Combining structure and probabilities in a Bayesian model of human sentence processing

Srini Narayanan1 & Daniel Jurafsky2
1
SRI International and ICSI, Berkeley, 2 University of Colorado, Boulder

snarayan@icsi.berkeley.edu

 

Human language processing is sensitive to the frequency of many kinds of linguistic knowledge, including lexical frequencies, probabilistic relations between words, subcategorization frequencies, and thematic frequencies.  Experimental support for these frequency effects is robust and wide-spread.  But correctly modeling these frequency effects requires understanding how different kinds of frequencies or probabilities are combined.  Narayanan and Jurafsky (1998) proposed that human language comprehension be modeled by treating human comprehenders as Bayesian reasoners, and modeling the comprehension process with Graphical Models (Bayes Nets).  Bayes Nets provide a principled way to combine probabilistic evidence.  In this paper we extend the Narayanan and Jurafsky model to make further predictions about reading time given the probability of different parses or interpretations, and test the model against reading time data.

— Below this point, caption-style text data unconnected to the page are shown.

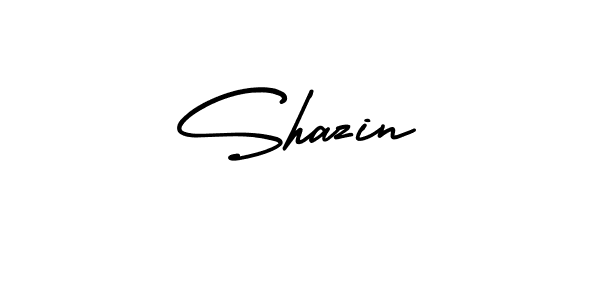 The best way (AmerikaSignatureDemo-Regular) to make a short signature is to pick only two or three words in your name. The name Shazin include a total of six letters. For converting this name. Shazin signature style 3 images and pictures png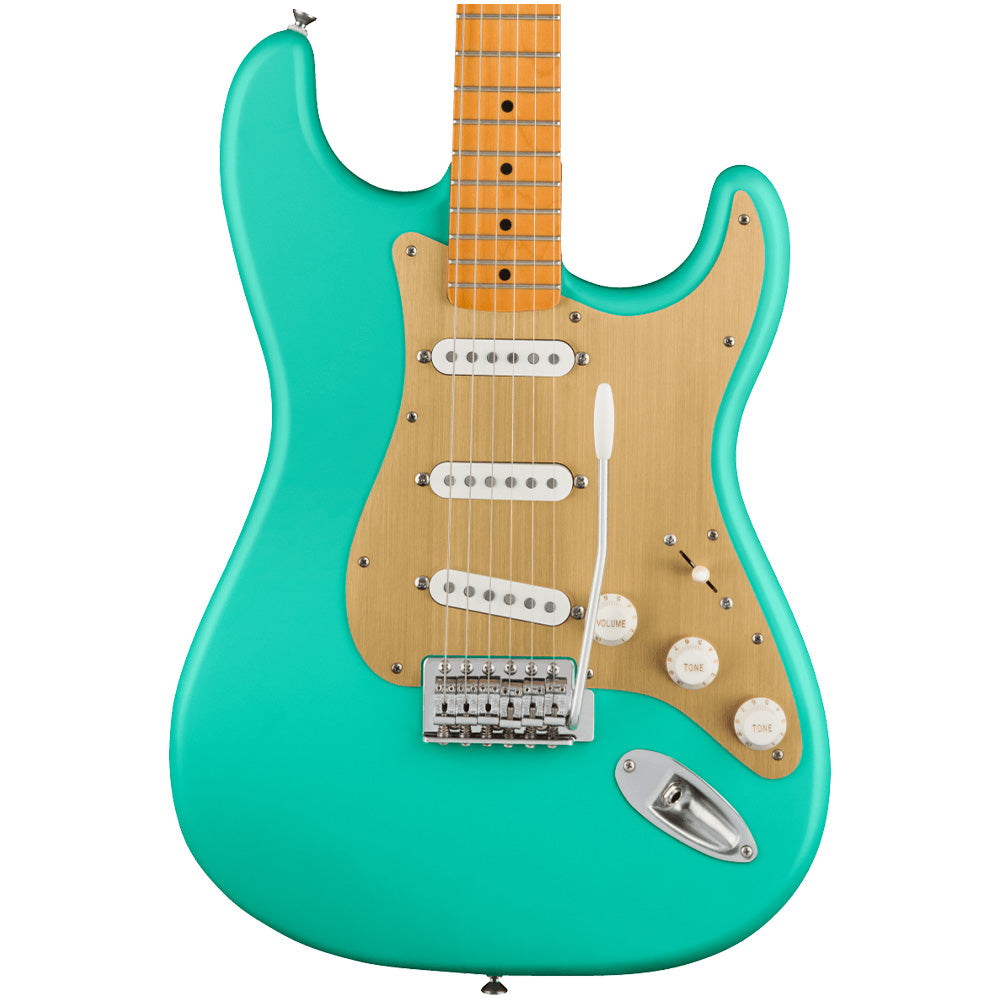 Fender Squier 40th Anniversary Stratocaster Vintage Edition Satin Sea Foam Green Guitarra Eléctrica 0379510549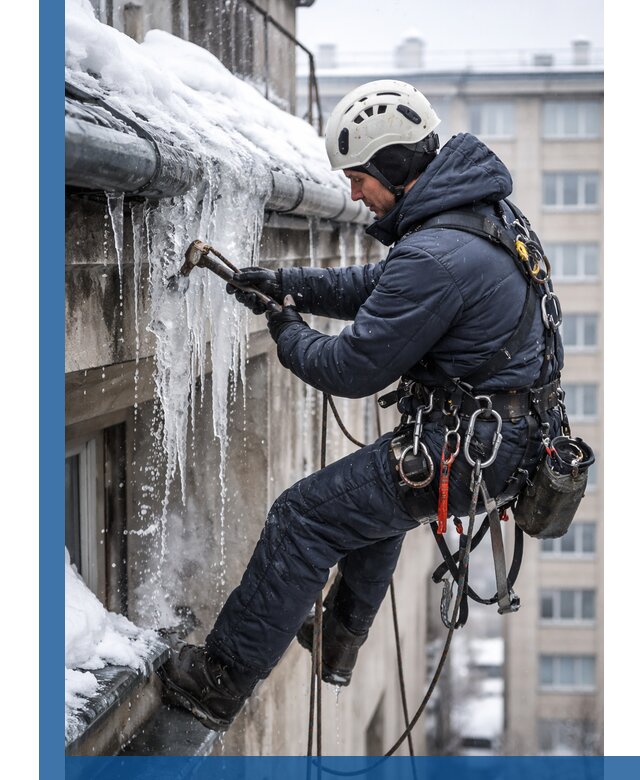 Удаление наледи и чистка водостоков в Качканаре оперативно и безопасно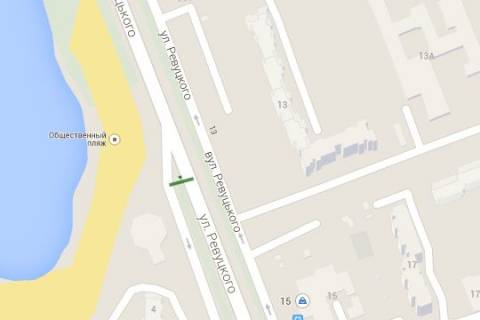 Billboard A in Vasylivka, 3x6  Revuc'kogo st., : rozpodil'nik navproti bud. No4 (v naav. razv Trostaneckoj st. i Ahmatovoj ) scheme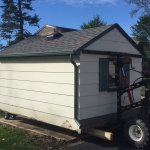 Mount Pleasant WI removing existing shed to make room for new 12x16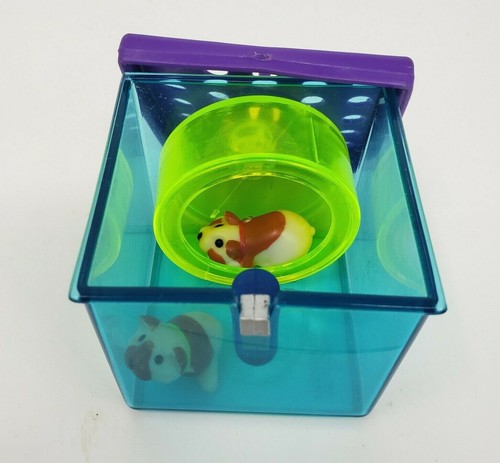 VINTAGE 1992 KENNER LITTLEST PET SHOP HURRYING HAMSTERS w/ HAMSTER WHEEL + WATER - Photo 4 sur 7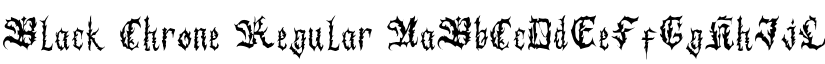 Black Chrone Regular font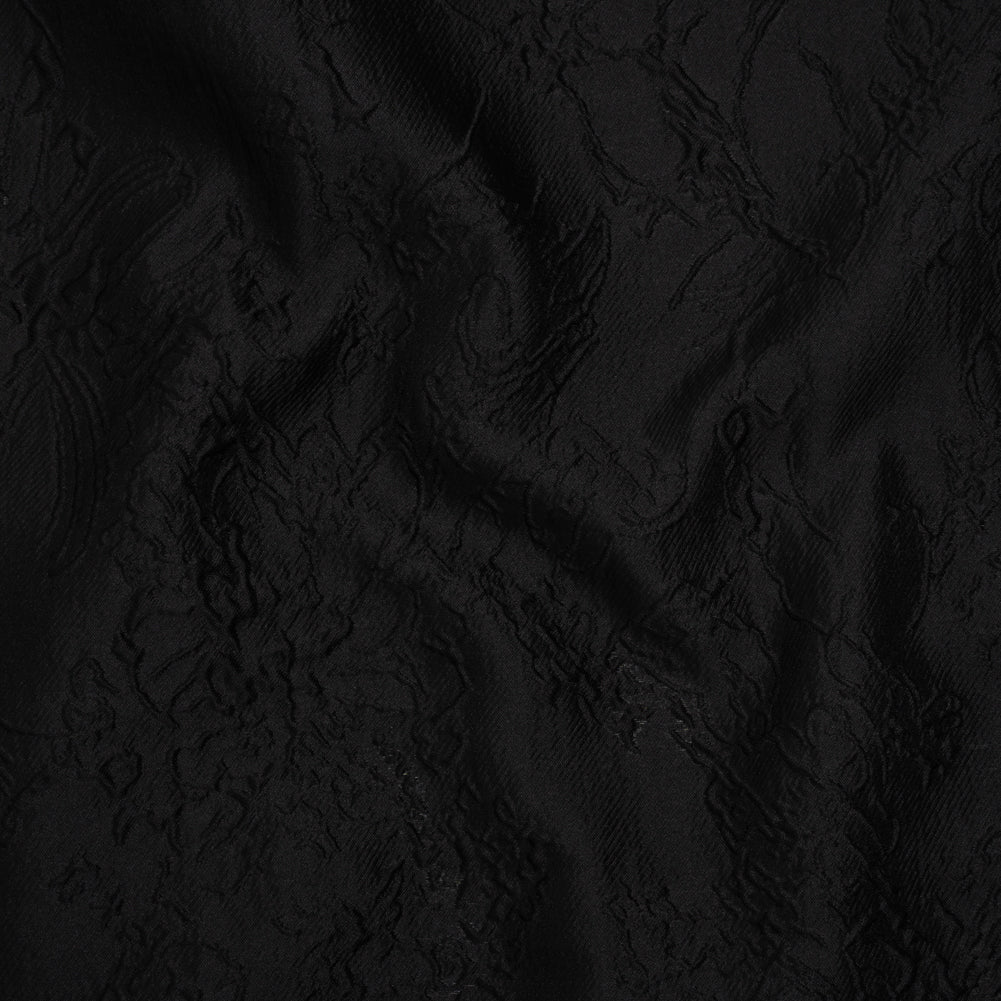 Polyester Brocade - Monochrome Black Floral Drawings - Joann Fabrics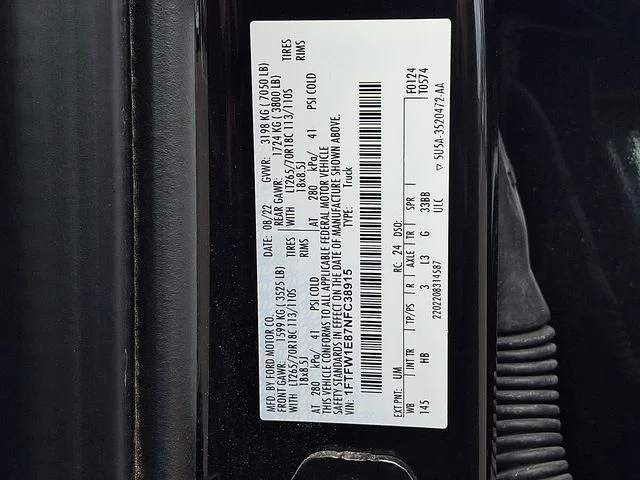 Certified Used 2022 Black Metallic Ford Lariat image 26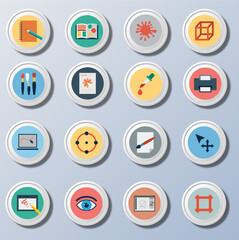Big set icons: business, shopping, device, technology, medical, ecology, food & drink and many more for any cases of life using – vector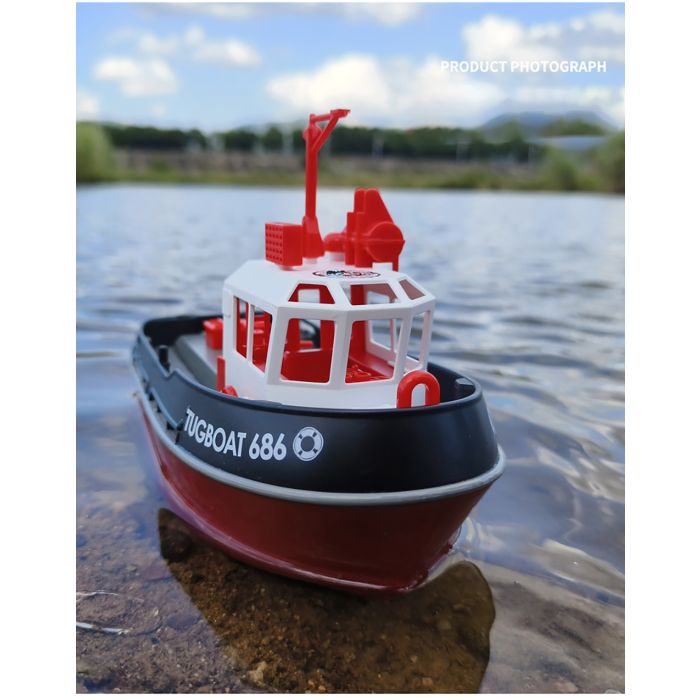 Heng Long 1/72 RTR RC Detailed Scale Tug Boat (280mm) w/ Lights - Black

In the Bayesian approach, sentence processing proceeds by making a probabilistic decision about interpretations of the input sentence.  Each possible interpretation is assigned a probability, this probability is updated incrementally as each word is input, and the most-probable interpretation is chosen.  Assumptions about the dependence and independence of different probabilistic sources are represented in the topology of the graphical model.  Quantitative dependencies between knowledge sources are modeled using conditional probability tables.

The difficulty in Bayesian models is in making fine-grained reading-time predictions.  The Narayanan and Jurafsky (1998) model predicted extra reading time only when the correct parse had been pruned by the parser due to low-probability.  In our extension of their model, we also predict extra reading time whenever the next word is unpredictable (following Hale, 2001) or when a re-ranking of parse preference occurs.

We tested this extended Bayesian model of human parsing on the experimental data of McRae et al. (1998).  McRae et al. showed that thematic fit influenced by a gated sentence completion task and an on-line reading task.  We showed that a Bayesian network which included probabilities for thematic and syntactic knowledge sources was able to model off-line human jugements and on-line reading-time difficulty for agent-biased sentences.

Bayesian models have not been widely applied in psycholinguistics, despite their common use in other areas of psychology such as categorization and learning.  The Bayesian model is similar to constraint-based or connectionist models of sentence processing, but differs in having a principled way to weight and combine evidence.  Our results suggest that our Bayesian approach is able to model psycholinguistic results on evidence combination in human sentence processing, making reading-time predictions from probability.

 

References

Hale, J. (2001).  A probabilistic earley parser as a psycholinguistic model.  Proceedings of NAACL-2001.

McRae, K., Spivey-Knowlton, M., & Tanenhaus, M. K.(1998).  Modeling the effect of thematic fit (and other constraints) in on-line sentence comprehension.  Journal of Memory and Language, 38, 283 312.

Narayanan, S., & Jurafsky, D. (1998).  Bayesian models of human sentence processing.  In COGSCI-98, pp. 752-757.  Madison, WI: Lawrence Erlbaum.